Reflections and the Way Forward
The results delineate that urban spaces lack key conditions amenable to creating urban diversity. Nevertheless, they corroborate the postulation that urban spaces are perceived and experienced differently by different groups based on their gender, age, and cultural background. However, the lack of empirical studies done before to explore urban spaces in the city of Doha, which this article could have built upon, represents an important limitation. While they are based on the perceptual approach, which is devised in the form of an attitude survey, there are limits to basing the discussion only on the results of a questionnaire where there is always room for subjectivity. Other means of investigation underlying such an approach can be utilized to advance the discourse on urban space diversity, such as focused interviews, systematic observations, and behavioral mapping studies.
Urban spaces mean different things to different communities within the city of Doha and thus are used differently. The juxtaposition of the results with the understanding of urban space diversity delineates the fact that urban spaces within the city of Doha lack one or more of the three important conditions that contribute to the achievement of diversity. The results reflect the dynamic nature of urban spaces identified as centers, invigorating the assumption that urban spaces in the center are not necessarily standing as unique entities. Results, however, indicate that urban spaces on the peripheries are emerging to compete with those in the center. The understanding of what constitutes centers and peripheries in the minds of the city’s inhabitants contributes to the understanding of their spatial experience and their attitudes toward what is perceived as a center, or as periphery or as an emerging center. The perceptual and the spatial experience of inhabitants reflect the needs and wants of different groups according to their gender, age, and cultural background that in the context of Doha varies dramatically.
While future development plans of the city may seem to address specific groups and cater to specific age groups or cultural backgrounds, a more responsive approach to the design of urban spaces needs to be in place.

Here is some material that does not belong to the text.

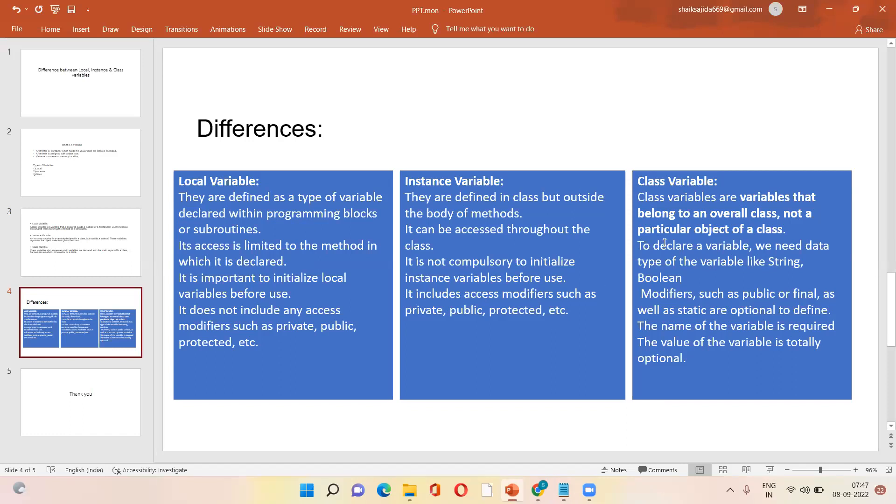Class variables are variables that belong to an overall class. These are class variables, mostly we will declare in outer class only. So to declare a variable, we need data or type of variable like string or boolean.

Urban design as a discipline and a profession focuses on creating built environments that promote opportunities and experiences for all city inhabitants. Therefore, it is crucial that most of the urban space actions and activities are accepted and enjoyed by the majority of the city’s population. The urban development process of the city needs to consider the development of spaces based on the perception and understanding of different groups. This needs to be adopted as one of the key factors in developing successful inclusive urban spaces that involve a wide spectrum of urban and spatial qualities relevant to the diversity characterizing the city of Doha.